Statistics Seminar(2018-24)
Topic: Recommender Systems on Platforms (Joint work with Xuan Wang and Dennis J. Zhang)
Speaker: Renyu (Philip) Zhang, New York University Shanghai
Time: Thursday, December 27, 14:00-15:00
Place: Room K02, Guanghua Building 2
Abstract:
We study how a recommender system could shape the demand to maximize the number of matches between consumers and producers on a two-sided platform. To improve the long-term performance of a platform, the optimal recommender system design trades off expanding market demand by recommending high-quality producers and reducing congestion by recommending low-quality ones.

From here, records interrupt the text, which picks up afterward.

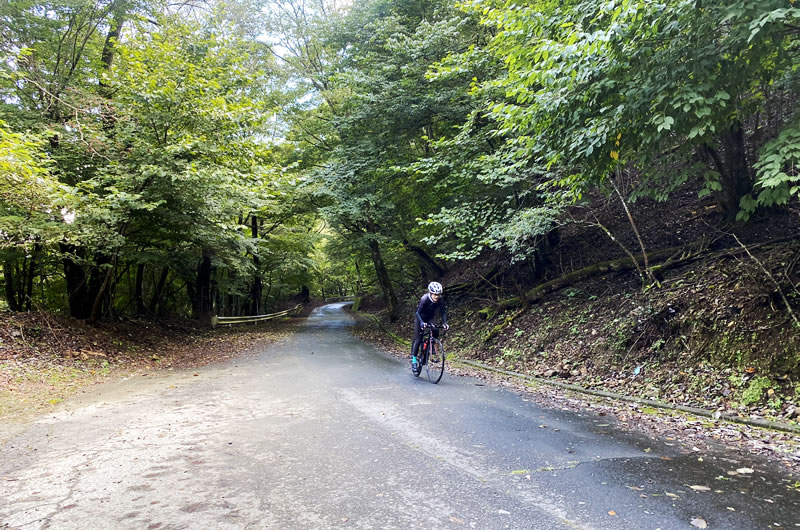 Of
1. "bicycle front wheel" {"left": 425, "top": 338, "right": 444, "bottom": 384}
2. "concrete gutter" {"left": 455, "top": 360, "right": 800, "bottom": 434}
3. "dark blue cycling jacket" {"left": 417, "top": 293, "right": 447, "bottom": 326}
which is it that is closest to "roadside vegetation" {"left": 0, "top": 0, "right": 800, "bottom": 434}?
"concrete gutter" {"left": 455, "top": 360, "right": 800, "bottom": 434}

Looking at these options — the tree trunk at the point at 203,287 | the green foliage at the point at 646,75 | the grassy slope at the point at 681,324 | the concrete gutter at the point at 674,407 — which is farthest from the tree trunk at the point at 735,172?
the tree trunk at the point at 203,287

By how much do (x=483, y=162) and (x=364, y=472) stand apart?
771 cm

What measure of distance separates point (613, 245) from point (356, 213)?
25.8 feet

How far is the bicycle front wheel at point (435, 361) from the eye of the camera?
7966mm

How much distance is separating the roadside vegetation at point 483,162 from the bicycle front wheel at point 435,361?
6.55ft

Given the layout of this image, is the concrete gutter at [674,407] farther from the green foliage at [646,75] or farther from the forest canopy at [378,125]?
the green foliage at [646,75]

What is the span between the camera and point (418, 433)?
487 cm

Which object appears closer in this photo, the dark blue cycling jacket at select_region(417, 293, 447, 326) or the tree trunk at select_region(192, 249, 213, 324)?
the dark blue cycling jacket at select_region(417, 293, 447, 326)

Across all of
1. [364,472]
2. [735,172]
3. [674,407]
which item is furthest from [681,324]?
[364,472]

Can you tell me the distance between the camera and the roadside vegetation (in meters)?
5.17

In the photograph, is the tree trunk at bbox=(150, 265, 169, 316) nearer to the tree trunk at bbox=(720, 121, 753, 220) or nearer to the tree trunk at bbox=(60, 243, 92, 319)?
the tree trunk at bbox=(60, 243, 92, 319)

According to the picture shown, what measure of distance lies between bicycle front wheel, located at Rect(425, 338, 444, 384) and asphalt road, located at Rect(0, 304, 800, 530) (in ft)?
5.36

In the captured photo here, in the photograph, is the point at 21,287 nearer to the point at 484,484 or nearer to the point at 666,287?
the point at 484,484

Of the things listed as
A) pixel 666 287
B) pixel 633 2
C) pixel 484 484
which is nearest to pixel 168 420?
pixel 484 484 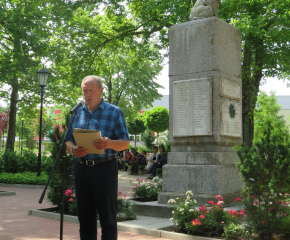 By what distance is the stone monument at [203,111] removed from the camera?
750 centimetres

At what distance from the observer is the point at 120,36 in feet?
58.6

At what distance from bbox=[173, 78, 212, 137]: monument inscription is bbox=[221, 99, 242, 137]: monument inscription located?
12.8 inches

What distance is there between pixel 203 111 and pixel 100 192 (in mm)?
4220

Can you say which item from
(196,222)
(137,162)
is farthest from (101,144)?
(137,162)

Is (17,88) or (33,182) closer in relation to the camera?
(33,182)

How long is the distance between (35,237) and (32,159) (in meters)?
14.2

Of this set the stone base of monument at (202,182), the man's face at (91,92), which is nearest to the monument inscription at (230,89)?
the stone base of monument at (202,182)

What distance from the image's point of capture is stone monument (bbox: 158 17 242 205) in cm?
750

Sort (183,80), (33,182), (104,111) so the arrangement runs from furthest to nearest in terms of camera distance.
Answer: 1. (33,182)
2. (183,80)
3. (104,111)

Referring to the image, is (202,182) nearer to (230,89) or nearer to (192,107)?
(192,107)

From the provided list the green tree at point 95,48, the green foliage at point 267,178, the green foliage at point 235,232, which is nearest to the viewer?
the green foliage at point 267,178

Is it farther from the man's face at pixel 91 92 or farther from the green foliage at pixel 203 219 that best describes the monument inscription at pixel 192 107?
the man's face at pixel 91 92

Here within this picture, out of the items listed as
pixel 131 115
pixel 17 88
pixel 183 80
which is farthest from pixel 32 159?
pixel 131 115

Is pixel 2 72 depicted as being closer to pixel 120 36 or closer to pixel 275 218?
pixel 120 36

The traditional recommender system has been focusing on identifying and recommending the producers of highest qualities. Albeit optimal when producers have unlimited capacities, such a recommender system may result in substantial optimality losses in the presence of producer capacity constraints. Such losses are most significant when the demand and supply of the platform is balanced. If, in addition, the quality of a producer improves upon working for the platform, the platform should recommend low-quality producers even more often to improve their qualities. A dynamic re-balancing recommendation policy which maximizes the number of matches myopically converges to an optimal policy in the long-run. We also extend our results to a setting with multiple quality levels and a setting with horizontally heterogeneous consumers and producers. Our results shed light on the optimal recommender system design for a broad range of two-sided platforms.
Introduction:

Renyu (Philip) Zhang has been an Assistant Professor of Operations Management at New York University Shanghai since August 2016. His research addresses fundamental operations issues under the emerging trends in technology, marketplaces, and society. He is particularly enthusiastic about developing analytics techniques to study the operations problems in the context of online platforms and marketplaces, sharing economy, social networks, and sustainability. His research works have appeared in Operations Research and Manufacturing & Service Operations Management. Please visit his personal website for more about Philip: //www.nyu.edu/projects/rzhang/. Before joining NYU Shanghai, Philip obtained his doctoral degree in Operations Management at Olin Business School, Washington University in St. Louis in May 2016 under the supervision of Professor Nan Yang and Professor Fuqiang Zhang.